Saturday, April 5, 2008

the bi-annual tradition



today i cried. it happens generally around once every 6 months. right now you're more than welcome to ignore all that stuff i said about "i'm not the type of girl who gets overly emotional" during what is now a 2-day stint with PMS. poor ben. poor caleb. poor me.

it was this morning & i was somewhat stressed out. looking back....um, yep, there really was no reason to be frustrated enough to cry. just a whole lot of things that were not on the schedule for the day, people showing up unannounced, clients coming home early from spring break (i was planning on having one last day to relax before the troops settled in to the house again). and then the clincher was that caleb needs a haircut in the worst way and he was flipping out anytime i would come near him with scissors. the shaggiest area was around his ears & the back of his neck, the part you can't get with clippers. but no matter how much i begged, bribed or coerced, as soon as he caught that shiny glint of metal in his peripheral vision, he lost it.

and for some reason the combination of all of these very minor things conjured up enough hormones for me to let loose. caleb was so confused he didn't know what to do with himself. i literally think it's the first time he's seen actual tears run down my face at breakneck speed. he kept trying to crack jokes, "mama, look at this funny face i'm making." and anything on the t.v. he would just look at me and start to giggle, "oh, that's so silly," he would say repeatedly. sweet little kid.

but the problem with being emotionally constipated is that once you let go, there is no turning back. i know many girls that cry a lot so they have the process down pat. a couple of tears and they're done...and then they start all over again 20 minutes later. but not me. it was like niagra falls had just exploded out of my eye sockets. so finally after fighting it...which only made it worse...i just laid down on the floor and bawled.

but i didn't want caleb to think he had done anything wrong, so while i'm sobbing i'm saying "oh caleb you're such a good boy. i love you so much." and then more reassuring, "you're so smart and funny & you make me so happy." he is going to be completely confused when it comes to emotions. i imagine him falling & getting a bloody nose. screaming in pain but saying, "this is so great! i'm so happy about this!" at the same time. ah, how we screw up our children.

ben came to talk with me after i was through releasing every ounce of salt left in my body. i recovered quite well, he didn't even know i had cried. so i announced it to him. he sat there, astounded. "really? you seriously cried? oh wow." and leaned in a good 6 inches closer to my face...i think searching for any last remnants of tears. unfortunately for him the bawl ship had sailed. you gotta get it while the gettin's good. but you know according to my hormonal clock, i still have one good cry left for '08 & he is with me the majority of the time so i'd say the odds are in his favor.

8 comments:

Ben said...

That's awesome.

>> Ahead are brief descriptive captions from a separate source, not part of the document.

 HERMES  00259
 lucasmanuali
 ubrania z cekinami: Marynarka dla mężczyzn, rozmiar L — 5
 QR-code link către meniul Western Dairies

Jenny cries regularly, so I'm used to it. It's good for you to let go sometimes.

I have linked over to the DHS '98 blog from here. After reading all the posts (What the crap happened? I thought I was doing okay, but, good heavens, if you don't own your own company and/or have changed the world, the class of '98 might disown you), I'm on the fence whether I go or not. There's really only about 10 people I would care to see, and I'm 85% sure that 98% of them aren't going to be there (that stat might not hold up if you guys make it somehow). Let me know if you think you're going to come out for it, and that might swing me over.

MARIE said...

For once I can't remember when I cried last.

Rachel Holloway said...

Crying lots or not, I think we ALL have that BIG CRY in us.

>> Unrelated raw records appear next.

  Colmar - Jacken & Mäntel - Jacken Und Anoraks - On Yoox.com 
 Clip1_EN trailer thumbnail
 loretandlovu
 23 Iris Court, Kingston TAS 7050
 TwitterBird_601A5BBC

I have never, not EVER in our whole dating, engaged or married life seen Brandon cry. Not at the birth of our children, not on our wedding day..nothing. I know it's in there--but he says he can feel things without letting tears out.

Hmmm...we are definitely different there! :)

Andrea said...

I on the other hand have my tear ducts wired to my lungs...I can barely take a breath without a tear escaping...the tears lose their power when they are flowing all the time.I know the true reason behind those tears. It has to do with male lactation doesn't it?

Mindy and Garry said...

Well...lately I've cried a whole lot more than usual...but I can definately relate to the whole crying thing in front of the kid. Ellie is so compassionate she sits there and tries to rub my arm and says in a very sympathetic voice,"it's ok mamma...don't worry...everything will be ok...etc." Good luck with your choices! It isn't easy deciding what to do! That is way cool that he is thinking of going on with school, but I don't envy the $$$ issue!!!

fonsy said...

WELCOME TO MY WORLD :)

Kris said...

I am one of those "cry all the time" girls and it so happens I did it yesterday :) Some times I wish I were more like you and only cried once or twice a year but I think after reading this story of Niagara Falls my hubby will be more grateful for the all the time "little" cries. I'm glad you got it all out!

Anonymous said...

Sorry I wasn't there to induce the crying - usually that's my job. And sorry I wasn't there to take you out for a chocolate and salt-fest either. I miss you Lyns! I don't care what it takes - move back by us! It will be worth it, I promise! I'll clean your house and babysit your kids and...rub your feet! Feed you grapes! PLEASE!